Any chemical routinely used can be hazardous if used incorrectly. A safe
chemical that is routinely used can combine with other chemicals resulting in a
chemical reaction that is not safe.
Hydrogen peroxide
This consists of water with free oxygen. It comes in a straight strength of 3%
10 volume used as an antiseptic. It also can be purchased at 6% 20 volume and
30% 100 volume.
Strong peroxide of 6% and higher can affect your skin, causing a burning and
itching sensation. When peroxide contacts ammonia, there is a rapid oxidation
and release of oxygen.
There is no problem when peroxide is 3%, but higher concentrations can pose a
health risk. When strong peroxide is left on a fabric, it can result in
weakening of the fabric.
All chemical action is increased by heat. Every 18°F rise in temperature doubles the chemical action. A 6% peroxide used at 100°F is twice as strong as one used at 82°F.
Acetic acid
Acetic acid in a 5% concentration is vinegar. The 28% is used for spotting.
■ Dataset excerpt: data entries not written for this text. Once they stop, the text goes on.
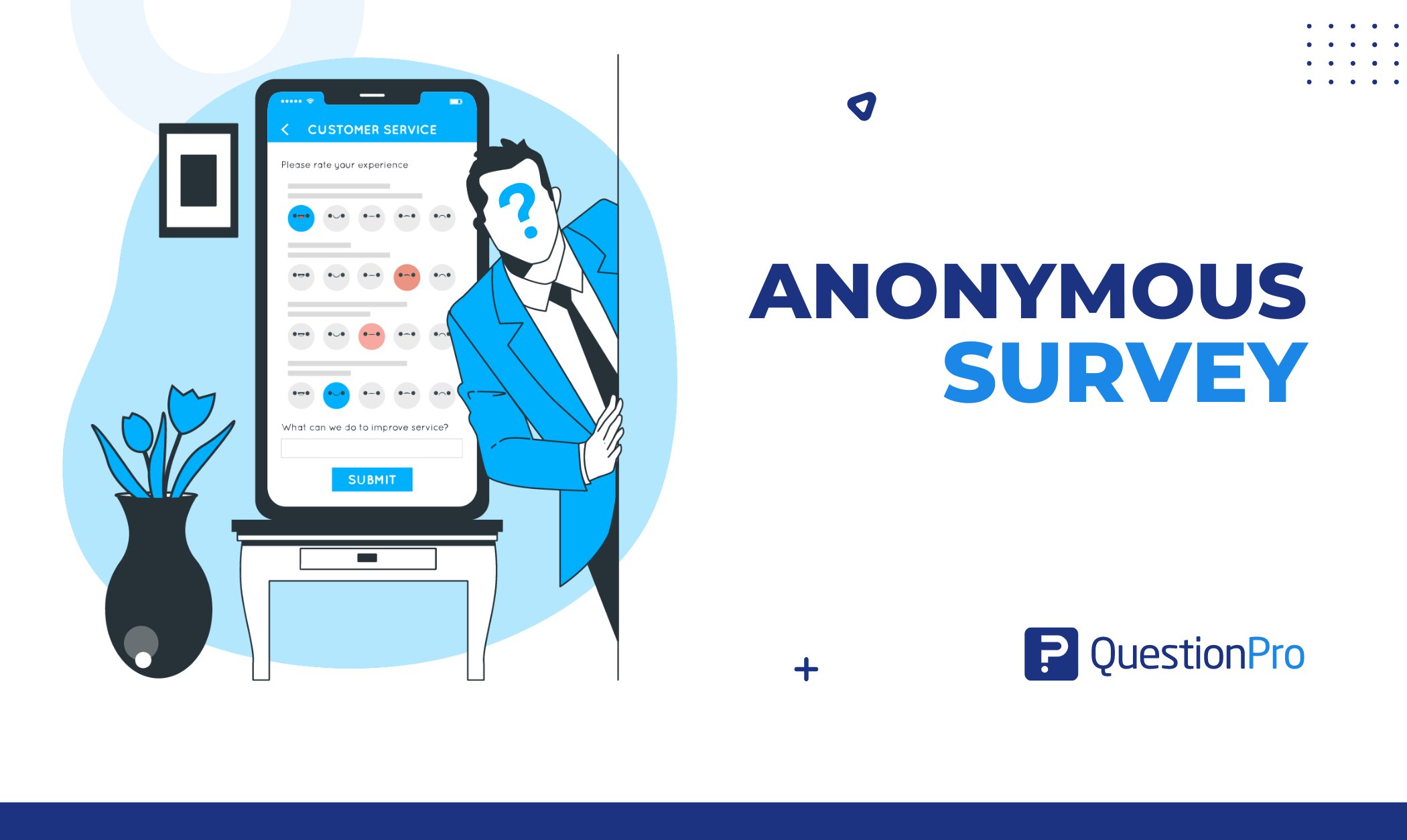 anonymous_survey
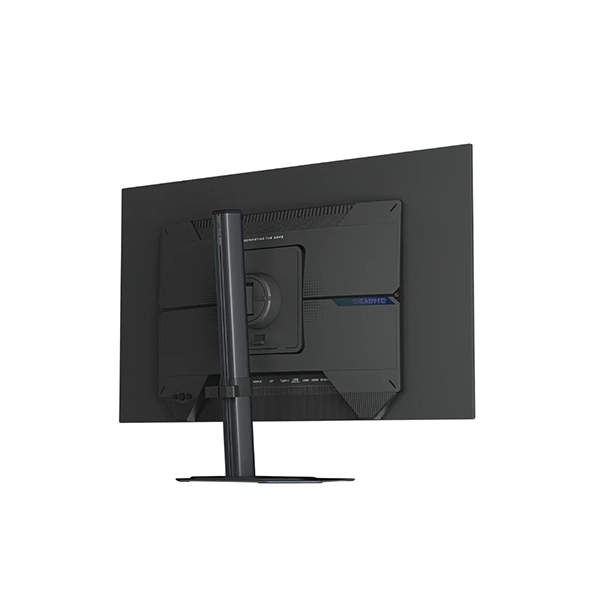 GIGABYTE MO27Q28G 27" WOLED 280HZ 0.03MS GAMING MONITOR QHD - Image 5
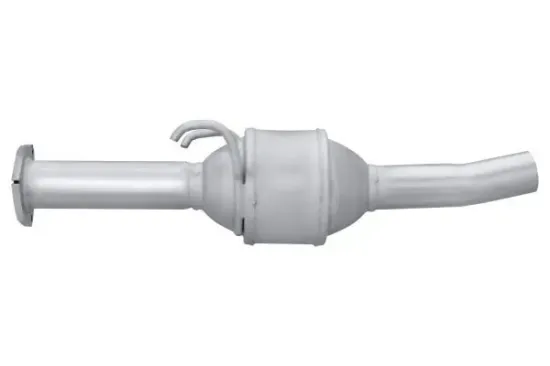 Katalysator HELLA 8LE 366 054-931 Bild Katalysator HELLA 8LE 366 054-931
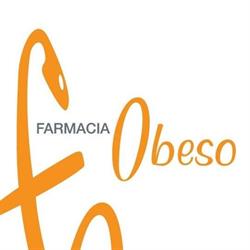 Horario de apertura Farmacia Jose María Obeso, Oviedo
Above 28%, acetic acid can dissolve acetate and tri-acetate fabrics. Above 28%
can also be caustic and dangerous to handle.
When acetic acid contacts ammonia, it produces rapid neutralization. A mild
acetic acid can be used to neutralize a color change caused by an alkali, but
it should not be mixed with an alkali.
Rust remover (hydrofluoric acid)
Hydrofluoric acid is the strongest acid used on the spotting board. It is
diluted with water by the manufacturer but it is still very strong due to its
chemical nature.
When rust remover gets under your fingernails it can cause serious chemical
burns. Anyone who has ever had a chemical burn knows that they will have a
painful reaction that will go away after a long period of time.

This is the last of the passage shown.